__What needs to be done__
From the first line of the listing, copy each line exactly until you have included the line with "Remember to like, comment, and"; leave out the pictures.

__Data to process__
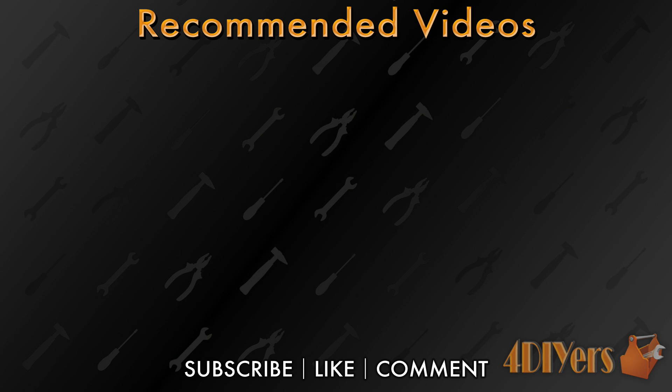This concludes my video. If you have any comments please feel free to post them below. Also subscribe to my channel and give my video a thumbs up. Thank you for watching.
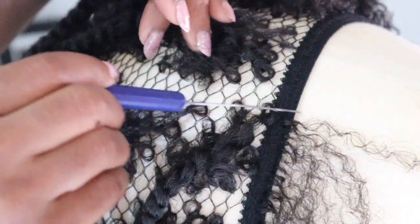Want to learn how to add baby hair to a crochet wig? In this video, I will cover step-by-step instructions on how I add baby hair to my crochet wigs.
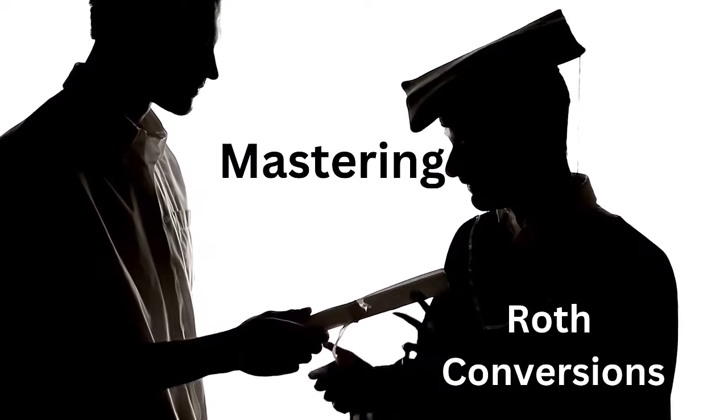Welcome. Today's video is one I'm excited about — it's called Mastering Roth Conversions, a step-by-step guide to retire tax-free. I'll start with the basics of a Roth conversion, then cover reasons why you might do one, walk through a detailed example, and give you an idea of how to plan for a Roth conversion working with a financial advisor and tax professional.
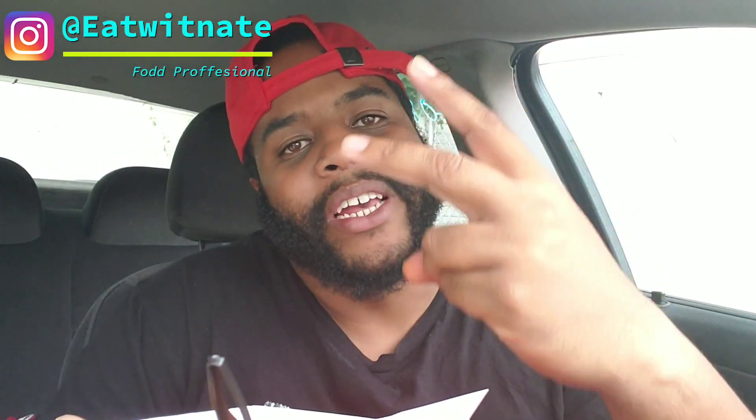Remember to like, comment, and subscribe — it helps me on YouTube and helps me reach other people. If you like my videos and my personality, head to my Instagram, it's called Eat with Nate. It helps me get out to the world. Remember to like, comment, subscribe. It's your boy Nate Hustle — one love, peace out.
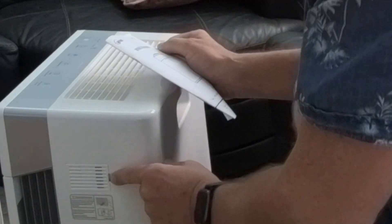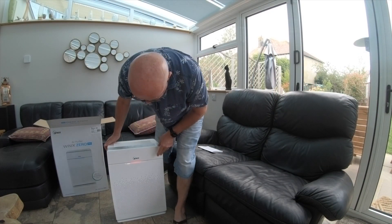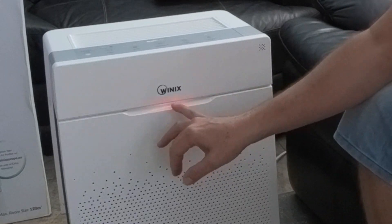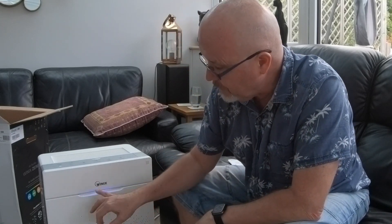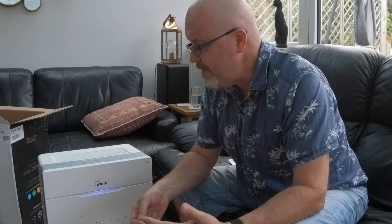There's a particle sensor — a little door on the side with a lens where air is drawn in and light is used to measure particulates. That's what I really like about this unit: the illumination that tells you air quality. Red is poor, orange is fair, green is average, and blue is good. I took it to the surgery and with our ventilation system it was always on blue, and apparently it's on blue here at home too.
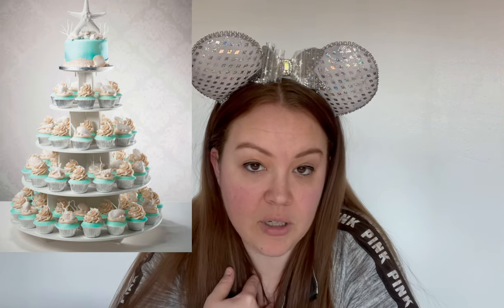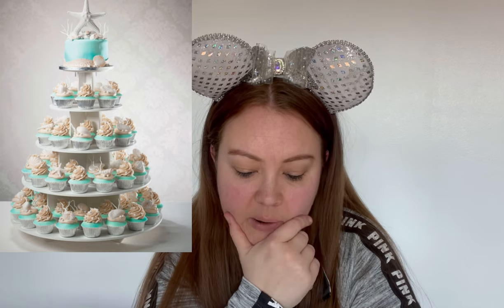A relatively new concept that a lot of people are opting for — especially since COVID — is a small cake for the bride and groom along with a lot of cupcakes, so each person gets their own piece of cake. Believe it or not, it is actually cheaper to get multiple cupcakes done than to order a huge wedding cake, because cupcakes are easy and only take minutes to decorate. I really love these concepts that are going on right now.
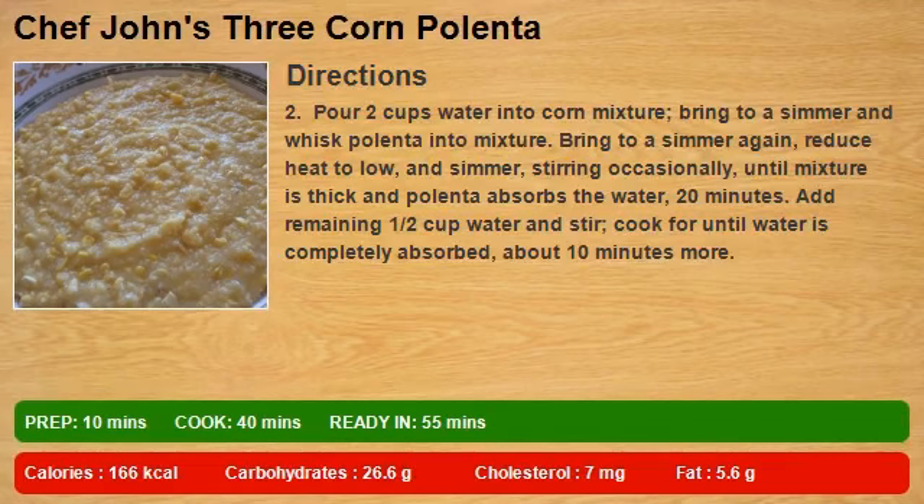Pour 2 cups water into corn mixture, bring to a simmer, and whisk polenta into mixture. Bring to a simmer again, reduce heat to low, and simmer, stirring occasionally, until mixture is thick and polenta absorbs the water, 20 minutes. Add remaining 1 half cup water and stir, cook until water is completely absorbed, about 10 minutes more.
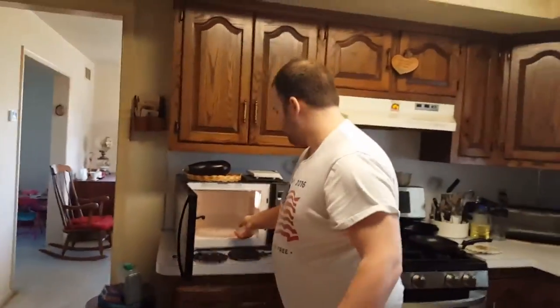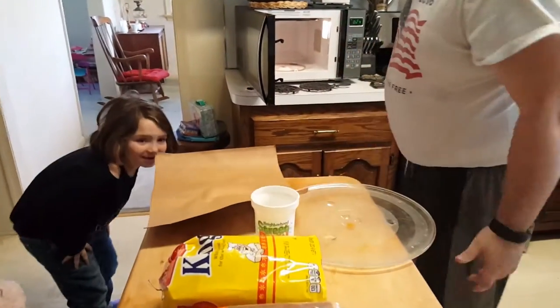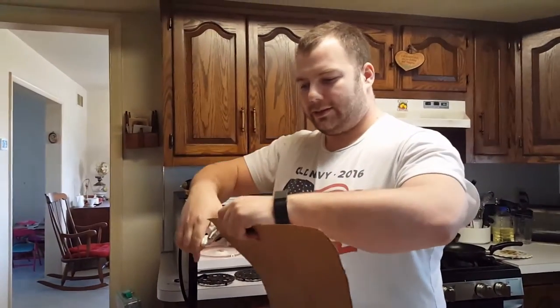I ordered some new parts today to repair the microwave. I was going to order a whole new microwave, but I thought this was probably easier.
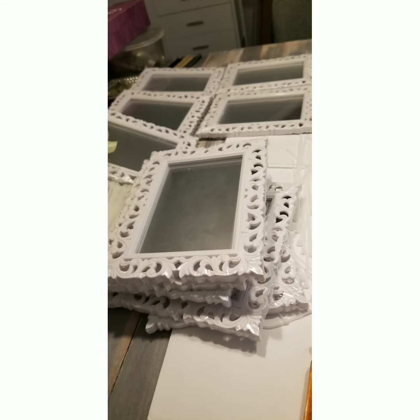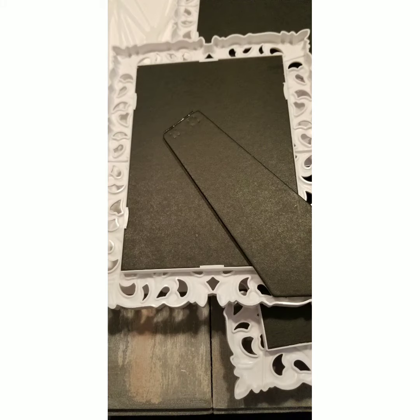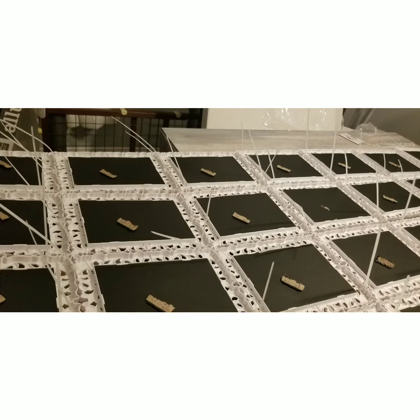I purchased 28 of these particular white mirrors. I'm going to be laying mine seven across, four down. Just basically want to tear off the back flap. And here it is with my mirrors, seven across going four down.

__Task result__
This concludes my video. If you have any comments please feel free to post them below. Also subscribe to my channel and give my video a thumbs up. Thank you for watching.
Want to learn how to add baby hair to a crochet wig? In this video, I will cover step-by-step instructions on how I add baby hair to my crochet wigs.
Welcome. Today's video is one I'm excited about — it's called Mastering Roth Conversions, a step-by-step guide to retire tax-free. I'll start with the basics of a Roth conversion, then cover reasons why you might do one, walk through a detailed example, and give you an idea of how to plan for a Roth conversion working with a financial advisor and tax professional.
Remember to like, comment, and subscribe — it helps me on YouTube and helps me reach other people. If you like my videos and my personality, head to my Instagram, it's called Eat with Nate. It helps me get out to the world. Remember to like, comment, subscribe. It's your boy Nate Hustle — one love, peace out.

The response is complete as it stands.